# Greetings



## k24cl9 (Aug 29, 2019)

Hi everyone,

I have been a long time lurker and TT enthusiast, with my previous ownerships ranging from a MK2 TT Roadster all the way to an MK2 TTRS with full bolt ons.

I have chosen a more subtle route this time round and gotten myself a MK3 TTS, with a delivery time of around 1 week, can't wait to read and share more insights about my new car, especially mods!
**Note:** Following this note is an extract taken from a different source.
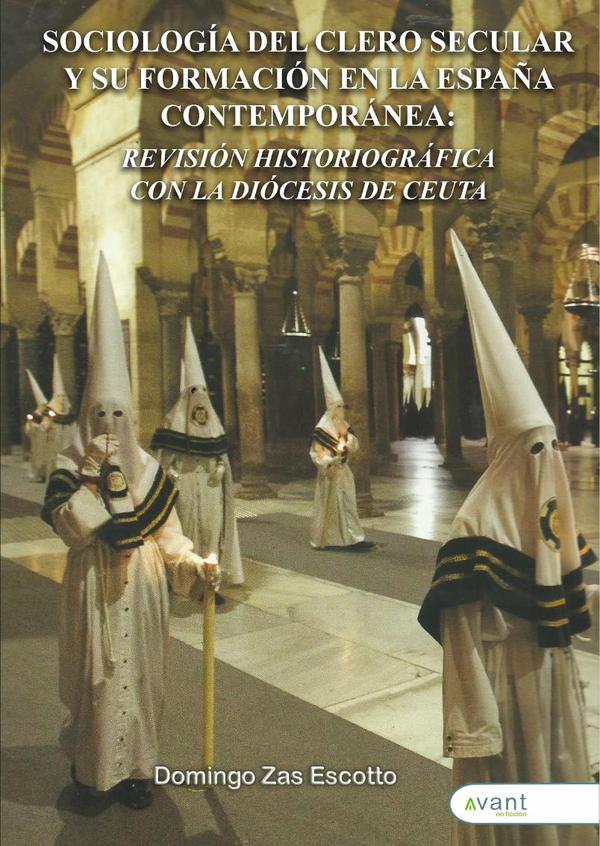 Sociología del clero secular y su formación en la España contemporánea:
Thanks for reading!

Ray


----------



## Hoggy (May 8, 2002)

Hi Ray, Welcome to the TTF.
Hoggy.


----------



## YELLOW_TT (Feb 25, 2004)

Welcome


----------



## k24cl9 (Aug 29, 2019)

Hoggy said:


> Hi Ray, Welcome to the TTF.
> Hoggy.


Hi Hoggy,

Thanks for the warm welcome.

I see that you're a moderator. I've joined this forum since 2019 but still yet to have access to the marketplace. I understand it is unavailable for new members and I'd have to wait, but 1 year does seem pretty long.
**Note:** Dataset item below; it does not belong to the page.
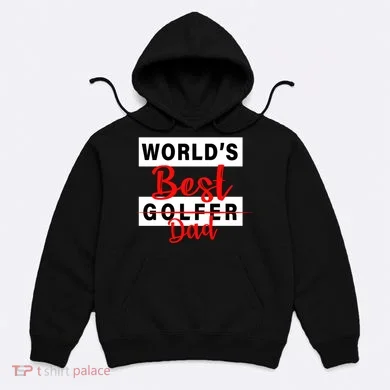 World's Best Golfer Dad Hoodie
I don't have access to private messaging either so I can't contact any of the admins, could you please help me out? Thanks!


----------



## k24cl9 (Aug 29, 2019)

YELLOW_TT said:


> Welcome


Thanks!


----------



## John-H (Jul 13, 2005)

Welcome to TTF and thanks for your contribution to our members' fund. You have full forum and PM access and I hope a fun and safe time ahead for you and your new purchase


----------